» Source data
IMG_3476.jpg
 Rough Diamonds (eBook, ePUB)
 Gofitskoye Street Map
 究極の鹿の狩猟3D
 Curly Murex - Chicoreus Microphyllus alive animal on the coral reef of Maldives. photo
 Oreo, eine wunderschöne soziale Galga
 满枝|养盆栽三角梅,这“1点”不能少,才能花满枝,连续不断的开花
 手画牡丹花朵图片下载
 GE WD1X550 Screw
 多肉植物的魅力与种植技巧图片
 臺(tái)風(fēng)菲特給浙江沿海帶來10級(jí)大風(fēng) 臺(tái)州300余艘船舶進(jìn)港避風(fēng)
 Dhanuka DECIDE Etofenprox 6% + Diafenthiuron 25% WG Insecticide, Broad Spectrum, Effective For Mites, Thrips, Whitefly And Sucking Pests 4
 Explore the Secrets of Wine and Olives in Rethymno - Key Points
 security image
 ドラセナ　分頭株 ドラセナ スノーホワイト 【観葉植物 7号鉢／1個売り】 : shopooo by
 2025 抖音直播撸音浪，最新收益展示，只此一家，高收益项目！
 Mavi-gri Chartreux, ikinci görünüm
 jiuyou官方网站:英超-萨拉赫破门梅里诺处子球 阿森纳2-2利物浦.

» Activity
The entries above need to be repeated in full, exactly as written.

» Output below
IMG_3476.jpg
 Rough Diamonds (eBook, ePUB)
 Gofitskoye Street Map
 究極の鹿の狩猟3D
 Curly Murex - Chicoreus Microphyllus alive animal on the coral reef of Maldives. photo
 Oreo, eine wunderschöne soziale Galga
 满枝|养盆栽三角梅,这“1点”不能少,才能花满枝,连续不断的开花
 手画牡丹花朵图片下载
 GE WD1X550 Screw
 多肉植物的魅力与种植技巧图片
 臺(tái)風(fēng)菲特給浙江沿海帶來10級(jí)大風(fēng) 臺(tái)州300余艘船舶進(jìn)港避風(fēng)
 Dhanuka DECIDE Etofenprox 6% + Diafenthiuron 25% WG Insecticide, Broad Spectrum, Effective For Mites, Thrips, Whitefly And Sucking Pests 4
 Explore the Secrets of Wine and Olives in Rethymno - Key Points
 security image
 ドラセナ　分頭株 ドラセナ スノーホワイト 【観葉植物 7号鉢／1個売り】 : shopooo by
 2025 抖音直播撸音浪，最新收益展示，只此一家，高收益项目！
 Mavi-gri Chartreux, ikinci görünüm
 jiuyou官方网站:英超-萨拉赫破门梅里诺处子球 阿森纳2-2利物浦.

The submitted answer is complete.